Louis Sullivan’s last testament

Keith Dinehart of Goldberg General Contracting has brought to our attention an extended piece by Joann Gonchar in the July Architectural Record on the restoration and renovation of the 1923 Krause Music Store at 4611 N. Lincoln Ave, in Chicago.

The richly ornamented facade was the last commission completed by Louis Sullivan. After the music store failed, the building served as a funeral home for more than 60 years, and, more recently, as the Kelmscott Gallery. Wheeler Kearns Architects re-designed the interiors, retaining a rental apartment on the second floor and converting the first to the office space, preserving the quality of view into the large picture window that center’s Sullivan’s facade. McGuire Igleski and Associates did the facade restoration, emphasizing terra cotta repair over replacement with replicas. Goldberg General served as the contractors. The AR web version is an extended except, with nine photographs and drawings. To read this entire piece, pick up a hard copy of the magazine, which is well is worth it, as July is their big Olympics issue, Record Reveals: Beijing. (The photograph here was provided by our correspondent Justin Luety in 2006)

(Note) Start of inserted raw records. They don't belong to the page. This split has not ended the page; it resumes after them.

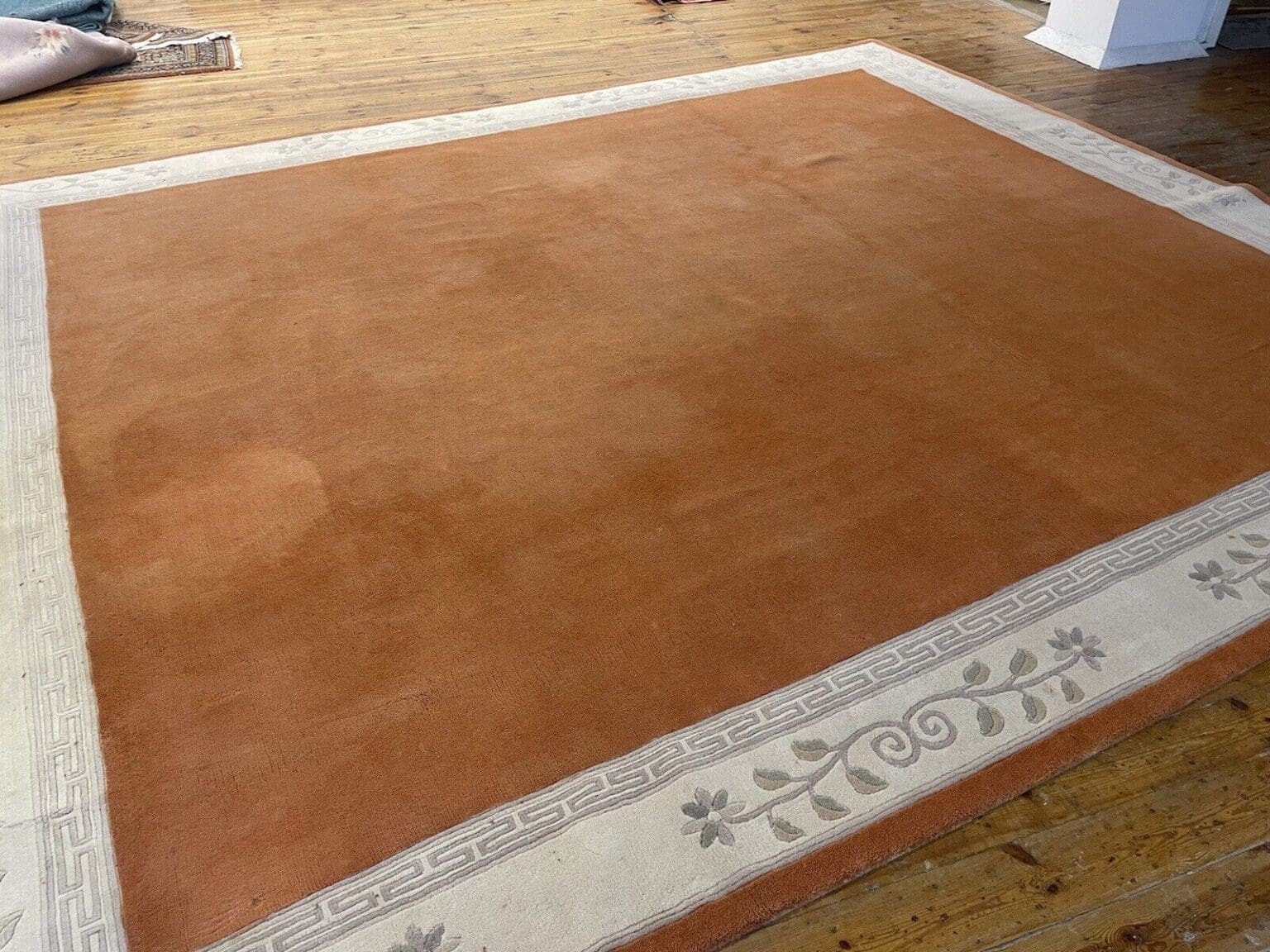 rosa-perserteppich-400x350-cm-100-schurwolle-florhohe-27-mm-1-3 Orientteppich Nepal 400x350 cm Schurwolle handgeknüpft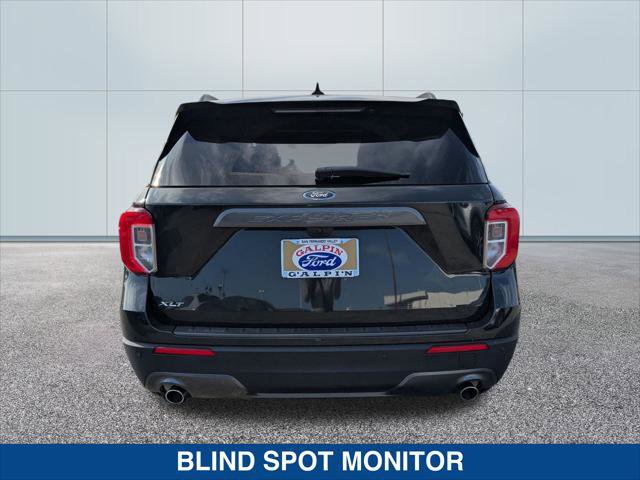 Certified 2022 Ford Explorer XLT w/ Equipment Group 202A image 4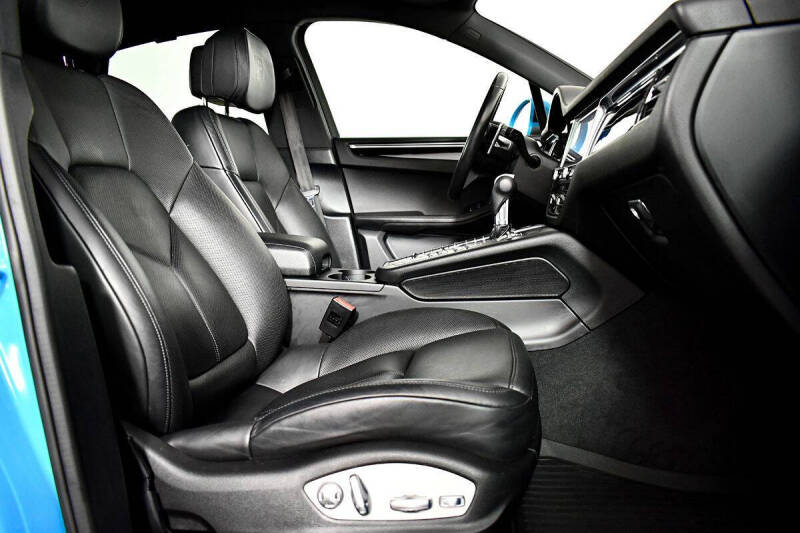 2019 Porsche Macan S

The Krause Music Store is like the Mozart Requiem, a commission that the artist created in full foreboding of his own mortality. Sullivan would die 1924, penniless, in a converted linen closet at the Hotel Warner. The Krause Music Store is his final testament. If you want to be strict, you could say it’s too much, so that we’ve seen it all before, but that’s beside the point. The way the bowered entrance draws you in, through an embrace of tendrils, is like a spiritual portal to the hidden, better world we all want to believe is there, just on the other side of the glass, wanting only our Beatrice to show us the way.